Um primeiro produto que pode ser debatido são os impressos que foram publicizados nos periódicos. Foram encontrados anúncios dessa natureza no “Jornal dos Farmacêuticos” (n. 1 p. 4; n. 10 e 11 p. 6) e no “Comércio...” (n. 2 p. 4; n. 3 p. 2).12 Cada um desses números teve um único anúncio desse tipo, assim, respectivamente, as indicações foram dos seguintes produtos: Revista mensal ilustrada “Renovação” editada em Florianópolis13; indicação de livros da Livraria do Globo com temática da Rússia atual; livros comerciais, envelopes, faturas, notas etc. da Livraria Central de Alberto Entres de Florianópolis para os dois números de “Comércio...”.

É possível sugerir, a partir da presença desses anúncios, uma maior familiaridade com a palavra escrita e impressa desses dois grupos, em comparação com os que eram representados pelos dois outros periódicos, mais ligados a classes populares. Deve-se levar em conta também a necessidade prática dos itens anunciados pela “Livraria Central” para muitos comerciantes e, inclusive, farmacêuticos, pois, ambos necessitariam de materiais para organizar seus estoques, anotar vendas etc., no entanto, o que se propõe é sugerir que a presença de anúncios comerciais dessa natureza possa ser um indicativo de que membros desses grupos seriam mais dotados a se apropriar de itens que fazem parte da Cultura Impressa.14

Convém mencionar também um texto presente na edição de n. 3 p. 4 de “Comércio...”, como conteúdo regular do periódico, que divulgou a “revista de propaganda da Companhia Construtora Kosmos” do Rio de Janeiro. A nota completa é a seguinte:

Revista ‘Kosmos’ / Temos em mãos um exemplar da excelente revista de propaganda da Companhia Construtora Kosmos, do Rio de Janeiro, número esse relativo ao mês de outubro corrente e que nos foi enviado pelos Srs. Bousfield & Cia. Representantes da ‘Ksomos’ nesta capital. / Cheia de belos contos e poesias e ainda bem desenvolvido serviço de ilustrações fotográficas, a revista ‘Kosmos’ do corrente mês apresenta-se verdadeiramente interessante e digna de ser lida. Somos gratos à gentileza dos srs. Bousfield & Cia. Desta praça. (COMÉRCIO, INDÚSTRIA E LAVOURA, 6 de out. 1934, p. 4).
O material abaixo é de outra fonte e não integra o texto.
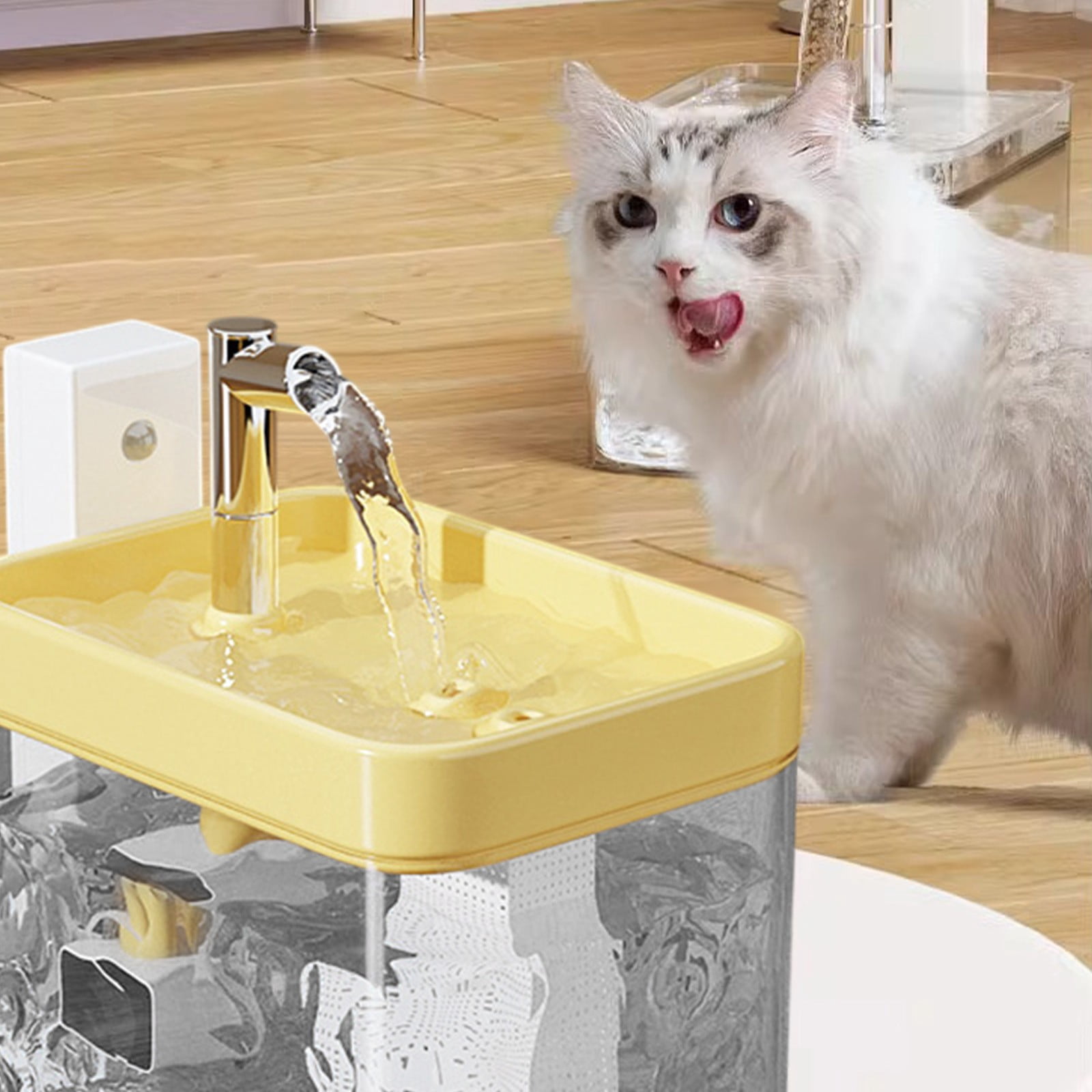 Nebwoak Cat Water Fountain, Wireless Sensor Automatic Circulating Pet Dispenser with Filter - Quiet, Large Capacity, No Wet Mouth, Dishwasher Safe White Food-Grade Plastic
São diversos os aspectos deste texto que podem ser evidenciados, tais como o envio e troca de periódicos como uma estratégia para firmar e manter laços ou as conexões entre essas duas praças comerciais, por exemplo. No entanto, a questão que se pretende levantar, diante a presença de um escrito desta natureza e quando se compara este com o conteúdo de outros periódicos em foco deste estudo, é que tal matéria corrobora com a percepção de uma maior familiaridade com impressos em geral por parte do grupo responsável por “Comércio...”.

Nesse sentido, ao se partir do pressuposto que em todos os periódicos em análise são apresentadas notícias ou matérias ligadas com o cotidiano de cada classe, a presença de certos textos ou anúncios sobre livros ou revistas, que em alguns casos também poderiam fugir à necessidade profissional, pode sugerir que tais itens operariam como sinais distintivos de classe. Nesse viés de análise, o periódico parece ocupar um papel de intermediário15 entre produtores e consumidores na qual a posse de itens dessa natureza talvez possa ser interpretada como parte de um interesse desinteressado, isto é, algo que foge à necessidade prática, mas que seria cultivado por grupos específicos da sociedade que foram dotados, através de diferentes processos formativos,16 das ferramentas para decodificá-los17 e, principalmente, do tempo para apropriá-los.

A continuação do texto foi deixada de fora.